Sunday, 5 March 2023: We Are One

Let us rise in body or spirit and join in our opening song

Song: Find a Stillness

Chalice Lighting:

O light of life, be kindled again in our hearts
As we meet together at this time,
To celebrate the joy of human community,
Seeking a wholeness that extends beyond ourselves.
– Samuel A. Trumbore

Let’s sing a response to the lighting of the chalice

Rise Up O Flame

Principles of Unitarian Universalism

Unitarian Universalist congregations affirm and promote seven Principles:
The inherent worth and dignity of every person;
Justice, equity and compassion in human relations;
Acceptance of one another and encouragement to spiritual growth in our congregations;
A free and responsible search for truth and meaning;
The right of conscience and the use of the democratic process within our congregations and in society at large;
The goal of world community with peace, liberty, and justice for all;
Respect for the interdependent web of all existence of which we are a part.

Let us join in a responsive reading

Responsive Reading

Out of a community of diverse heritage and belief,
we come together to share our hope, and to create good in the world.
The teachers of all traditions and times have taught that we are
called to mercy, generosity, and mutual care
and that to be good is to serve.
We know that there can be no enduring happiness for humanity
so long as suffering and want go unrelieved;
until all may be sheltered, none of us is truly at home.
May the power of our various faiths sustain us in this work, that
we may be the hands of holy creativity and justice;
and together build a better world.

-Kendyl Gibbons, adapted

Story – Charles Hartshorne

Charles Hartshorne grew up in Kittanning and Phoenixville, in northeastern Pennsylvania. His father’s mother was Episcopalian, his father a Quaker, and his father was an Episcopal minister and also had a law degree. His mother’s father was also an Episcopal minister. Hartshorne said “How philosophers think about religion may well depend largely on how they have encountered it in childhood and youth. A genuine religion of love has its appeal. This is especially true if the love includes an aspect of what Spinoza called intellectual love and the poet Shelley called love for intellectual beauty.”
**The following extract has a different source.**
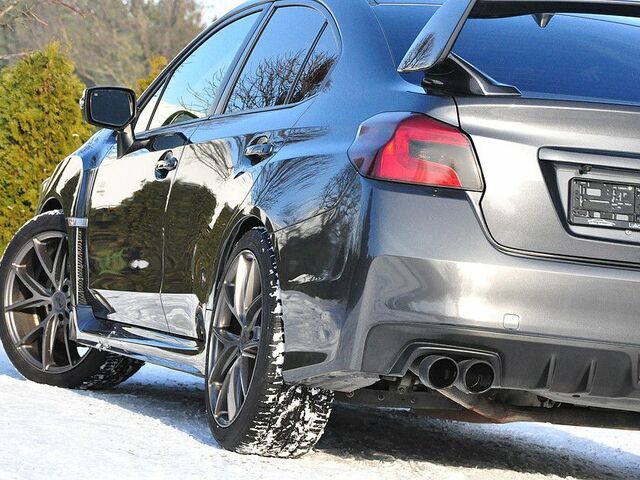 Серый Субару WRX STI, объемом двигателя 2.46 л и пробегом 47 тыс. км за 42380 $, фото 6 на Automoto.ua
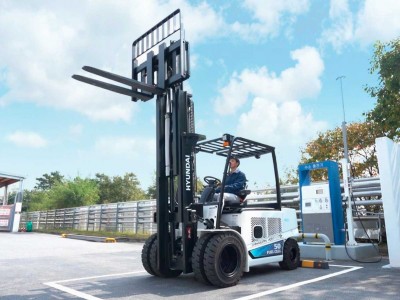 En Corée du Sud, Hyundai teste un chariot-élevateur à hydrogène XXL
Of his father “My father did not merely proclaim his piety, he lived by it. Moreover, it was an attractive form of piety. He saw Christianity as a religion of love and took seriously the two sayings that God is love and that love for God and fellow creatures sums up Christian (and Judaic) ethics. He was essentially affectionate, gentle, and fair in his treatment of others. He had compassion for poor and underprivileged persons. Himself the son of a rich man, he disagreed strongly with the richest man in his church, who expected employees in his iron mill to work a twelve-hour day.“

Of his mother “In the broad sense of rationality, Mother was perhaps slightly superior to Father. Her view of things could be counted on for sanity, especially her view of personal relations. Three examples. Once, when I was fussing about a girl whom I knew I did not love and did not want to marry, but who had charm and who had somehow offended my pride, Mother heard my story and simply said, “Charles, life is big.” No more needed to be said. I had been making a mountain out of a molehill. Once when a parishioner undertook to explain to Mother that she should refer to her black laundress not as Mrs. Smith but simply as Lizzy, Mother said, “I am accustomed to calling her Mrs. Smith. I think I will continue to call her Mrs. Smith.” Subject closed. Third example. My youngest brother, Alfred, brought home for us all to look over the first girl who had interested him. We all thought she was hopeless. She seemed extremely frail, for one thing, as though starved from infancy, and not especially well educated. Mother did not argue with Alfred. As she told me later, she simply said, “Alfred, marriage is a very serious matter. It is not enough to love a girl, you must know that you can continue to love her for years after you are married to her. It is not fair to the girl otherwise.”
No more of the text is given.